Bei der Windenergie wird es nicht von heute auf morgen eine wahnsinnige Beschleunigung im Onshore-Bereich geben, aber es wird merklich bergauf gehen. Für Onshore-Entwickler sind die Ausweisung neuer Flächen und vereinfachtes Repowering ein klares Bekenntnis zur Stärkung der Branche.
Das Signal für Offshore ist insgesamt absolut positiv. Dort hat das vorgezogene Ausbauziel von 40 Gigawatt bis 2035 eine große Wucht – bisher war dieser Ausbau für 2040 geplant.  Das ist ein gutes Zeichen, und auch die hohen Ziele von nun 30 Gigawatt bis 2030 statt zuvor 20 sind begrüßenswert. Doch es ist fraglich, ob die Zeit reicht, um die Netzanbindung bis dahin aufzubauen. Das spätere politische Ziel bis 2035 ist als sehr gut zu bewerten, aber das nähere Ziel zu schaffen halte ich für sehr, sehr ambitioniert. Entscheidend wird sein, wie schnell man die Stromnetzinfrastruktur ausbauen kann. Die jetzigen Netzausbaupläne für Offshore-Wind müssen sofort geändert werden. Das wird viel Druck für die Genehmigungsbehörden und Netzbetreiber bedeuten.
Das Kapitel Wärme ist relativ wenig präsent. Die avisierte klimaneutrale Wärmeerzeugung aus erneuerbaren Energien von 50 Prozent bis 2030 ist ein Quantensprung von derzeit ca. 15 Prozent, der aber leider nicht mit Maßnahmen unterfüttert ist. Es werden beispielsweise keine Verbote vom neuen Einbau Gas- und Ölheizungen genannt. Ich nehme an, dass dies Teil des überarbeiteten Klimaschutzgesetzes sein wird. Eine detailliertere Konkretisierung muss und wird voraussichtlich folgen.

Die bereits von der alten Bundesregierung genannte Vision von Deutschland als „Leitmarkt für Wasserstofftechnologien bis 2030“ scheint sich fortzusetzen. Reichen die Zielvorgaben, um der Wasserstoffwirtschaft zum Markthochlauf zu verhelfen? Was muss gegebenenfalls zusätzlich passieren?
Wasserstoff wird 28-mal genannt, nicht nur im Energie-, sondern auch im Industriekapitel.
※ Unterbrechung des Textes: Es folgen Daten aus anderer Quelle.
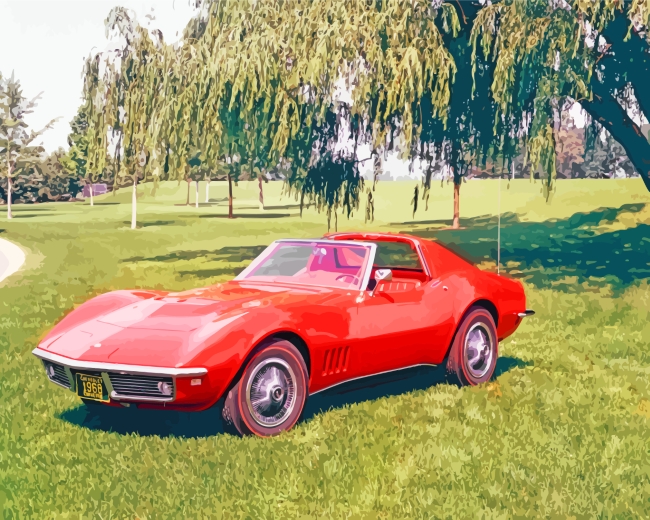 Vintage Red Corvette paint by numbers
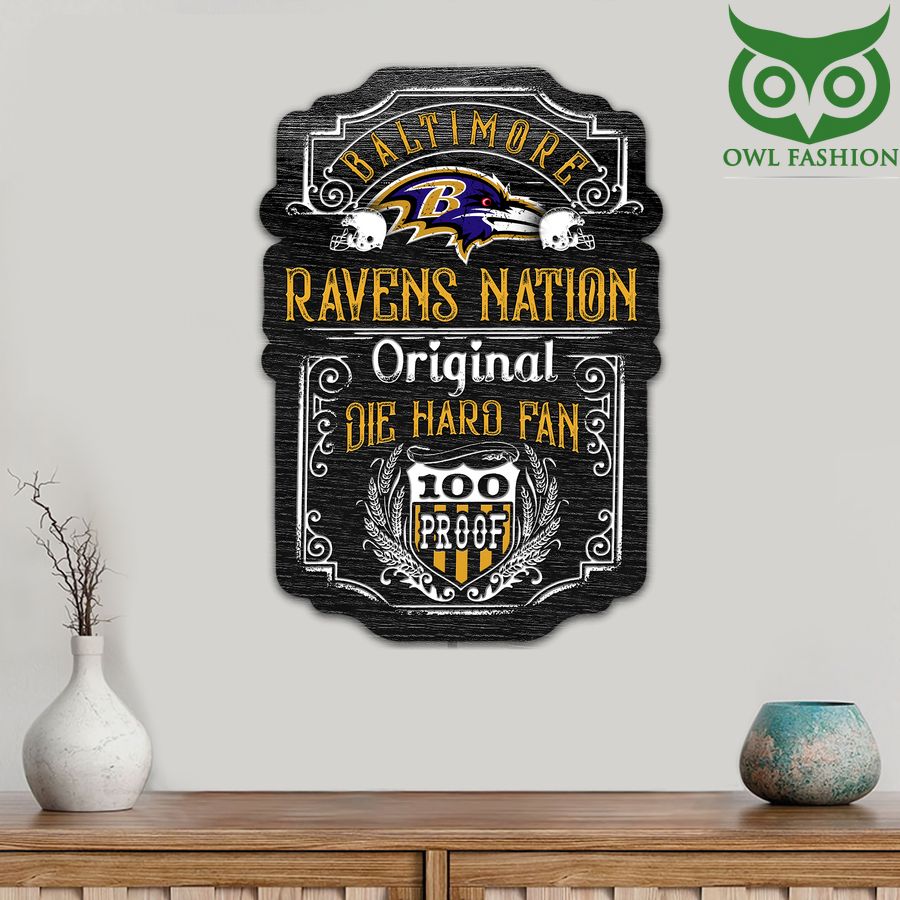 Die Hard Fan Baltimore Ravens Nation 100 Proof Metal Cut Sign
Der industriepolitische Ansatz der Dekarbonisierung geht als klares Ziel aus dem Vertrag hervor. Für mich ist das ein Paradigmenwechsel, weil die amtierende Bundesregierung in der nationalen Wasserstoffstrategie nur halb so viel Elektrolyseurleistung – nämlich fünf statt zehn Gigawatt– geplant hat. Früher lag der Fokus auf 80 bis 90 Prozent Import des Wasserstoffs bis 2030. Das habe ich nicht nachvollziehen können, da auch Länder mit besseren erneuerbaren Stromerzeugungsbedingungen die Wasserstofftechnik erst etablieren müssen. Nun ist die große Priorität erkennbar, grüne Wasserstofftechnologie in Deutschland zu entwickeln und einzusetzen. Ergo wollen wir nun in diesem Jahrzehnt die ganze Technologie- und Wertschöpfungskette hier bei uns aufbauen, prüfen und exportfähig machen. Aus der priorisierten Umsetzung der IPCEI-Projekte spricht zudem, dass hier offene regulatorische Baustellen erkannt wurden. Das ist offenkundig kein Selbstläufer. Dennoch dürfen wir nicht vergessen, dass die zweite große Baustelle für die Wasserstoffwirtschaft die EU mit dem delegated act bleibt, der aktuell in den Entwürfen viel zu restriktiv ist und einen Markthochlauf eher verhindert als ermöglicht.

Wo gehen Ihnen die Ziele trotz allem nicht weit genug?
Der Stellenwert und die Gewichtung der Klimaaspekte ist klar und positiv. Kritisieren kann man die fehlende Ausführlichkeit zur Wärmeversorgung, da ein Drittel der nationalen CO2-Emmissionen auf ihr Konto geht. Dieser Teil muss noch stärker mit Maßnahmen ausgearbeitet werden.

 

Über Jan Rispens

Profilbild zu: Jan Rispens

Seit Gründung in 2011 ist Jan Rispens, als gelernter Elektrotechnik-Ingenieur, Geschäftsführer der EEHH Clusteragentur und seit 20 Jahren aktiv im Bereich nachhaltige Energieversorgung und Klimaschutz.